Staudernheim station is a through station, located 35.3 km from Bingen on the Nahe Valley Railway (Bingen–Saarbrücken), in Staudernheim in the district of Bad Kreuznach in the German state of Rhineland-Palatinate. It was opened with this line on 15 December 1859 and was the first and only station in the Meisenheim exclave of the Landgraviate of Hesse-Homburg, which was absorbed by Prussia in 1866. The station is located in the network area of the Rhein-Nahe-Nahverkehrsverbund (Rhine-Nahe Transport Association, RNN) and it is in fare zone 420.[3] Its address is Bahnhofstraße 1.[4]

Location[edit]

The station is not far from the left bank of the Nahe. Residential areas extend to its north and south. It has barrier-free access.[4]

The Nahe Valley Railway runs through the municipality in an east-west direction approximately parallel to the Nahe river on its north side. The Glan Valley Railway, which has been disused since 1996, comes from the south at first in a wide arc around the Disibodenberg monastery ruin and then connects with the Nahe line just outside the station.

History[edit]

In the treaty of 7 June 1856 between the Kingdom of Prussia and the Landgraviate of Hesse-Homburg that authorised the construction of the Nahe Valley Railway, it was agreed in Article 5 to build a bridge over the Nahe in the territory of the landgraviate as close as practicable to Staudernheim and to build a station where the line crossed the highway there. It was decided that all ordinary trains would stop there, while express trains would stop only at the neighbouring Sobernheim station in Prussia.[5] After the BingerbrückKreuznach section was opened in 1858, the section between Kreuznach and Oberstein was opened on 15 December 1859, connecting Staudernheim to the rail network.[6] The line was duplicated in 1884.[7]

After 20 years of discussions, Bavaria and Prussia signed a treaty on 28 October 1891 that authorised the construction of the Glan Valley Railway. The LautereckenOdernheim section was opened in October 1896. Closing the gap to Staudernhiem was delayed because local landowners attempted to obtain high prices for the sale of their land for the railway. Accordingly, the missing section was opened in December 1896. The line between Kaiserslautern and Staudernheim was opened over its whole length on 1 July 1897.[8]

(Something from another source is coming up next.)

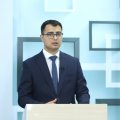 Bəzi direktorların yenidən qiymətləndirilməsi mütləq tələb olmayacaq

In the course of the opening of the line, the station underwent a major expansion. In this context, it received, among other things, an additional eight sets of points, three terminal tracks with a total length of 1500 m, a turntable with a diameter of 16.07 m, 297 m-long sidings, a head loading ramp and a side loading ramp, which was about 200 m long. In the eastern part of the station precinct, there was also a watering point for the steam locomotives of the Palatinate Railway.[8]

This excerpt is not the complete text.